Flaky Tests and How to Fix Them

Intermediate 9 min read

What you'll learn

✓The most common causes of flaky tests
✓How to reproduce a flake reliably
✓Quarantine vs fix decisions
✓Patterns that prevent flakes
✓How to track flakiness over time

Prerequisites

•Comfortable running and reading test suites

What and Why

A flaky test passes sometimes and fails sometimes for the same code. Flakes erode trust in your CI. People start ignoring red builds, then real regressions slip through. Killing flakes is one of the highest-leverage investments a team can make.

Mental Model

Most flakes share a root cause: hidden non-determinism. Time, ordering, parallelism, the network, and shared state are the usual suspects. The cure is to make the test deterministic or to remove the dependency that creates the variation.

See a red build
   |
   v
Reproduce? --no--> Add logs, run in loop, capture seed
   |yes
   v
Identify root cause
 /        |          \
Timing   Shared      Network/
race     state       external
 |        |           |
 v        v           v
Use poll  Isolate     Mock at
not sleep db/files    boundary

Flaky test triage

Hands-on Example

A flaky timing test.

// flaky
test("debounce calls once", async () => {
  const fn = vi.fn();
  const d = debounce(fn, 50);
  d(); d(); d();
  await new Promise(r => setTimeout(r, 60));
  expect(fn).toHaveBeenCalledTimes(1);
});

The 60 ms wait might be too short on a slow CI runner. Fix it with fake timers.
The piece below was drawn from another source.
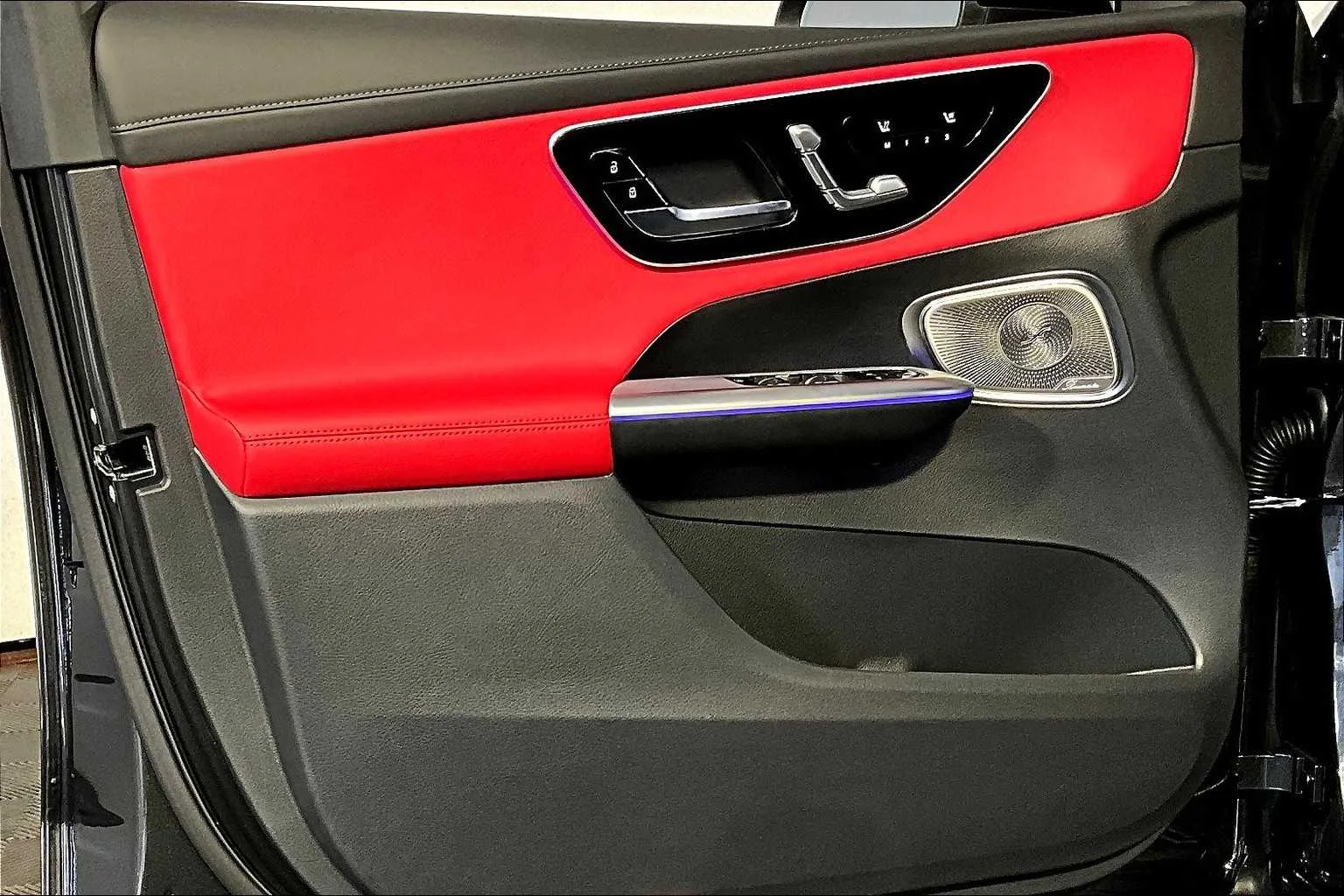 New 2026 Graphite Grey Metallic Mercedes-Benz GLC 300 image 11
test("debounce calls once", () => {
  vi.useFakeTimers();
  const fn = vi.fn();
  const d = debounce(fn, 50);
  d(); d(); d();
  vi.advanceTimersByTime(50);
  expect(fn).toHaveBeenCalledTimes(1);
  vi.useRealTimers();
});

A flake from shared state.

# flaky: writes to a real file path; parallel tests collide
def test_save(tmp_path):
    path = "/tmp/data.json"  # shared
    save(path, {"a": 1})
    assert load(path) == {"a": 1}

Fix with a per-test temp directory.

def test_save(tmp_path):
    path = tmp_path / "data.json"
    save(path, {"a": 1})
    assert load(path) == {"a": 1}

A flake from ordering. Two tests share a DB and the first leaves a row behind. Run tests inside a transaction that rolls back, or truncate tables in a fixture. Better, scope tests to ephemeral databases per worker.

A flake from polling instead of asserting.

// flaky
await sleep(500);
expect(await client.get("/job/1")).toMatchObject({ status: "done" });

// stable: poll with timeout
await waitFor(async () => {
  const r = await client.get("/job/1");
  expect(r.status).toBe("done");
}, { timeout: 5000, interval: 100 });

Common Pitfalls

Solving flakes by adding sleep. It hides the problem and slows down CI.
Retrying flaky tests automatically without measuring. The bug stays, masked by retries.
Mocking time only sometimes. Either control time everywhere a test uses it, or not at all.
Sharing fixtures that mutate state. Hidden coupling between tests is a top cause of order-dependent flakes.
Skipping the “reproduce locally” step. If you cannot reproduce it, you cannot prove you fixed it.

Practical Tips

Run the suspect test in a loop with vitest --run --repeat 100 or pytest --count=100 to confirm a fix.
Tag known flakes with a label like @flaky and track their resolution like bugs.
Snapshot the seed for randomized tests so failures can be replayed.
Mock at the network boundary so tests do not depend on external services.
Track flake rate per file in CI. The trend matters more than any single failure.

Wrap-up

Flaky tests are a signal that something in the system has hidden non-determinism. Resist the urge to retry or skip. Track flakes, reproduce them, and fix the root cause with deterministic time, isolated state, and boundary-level mocking. A trustworthy test suite pays back the effort every single day for the rest of the project.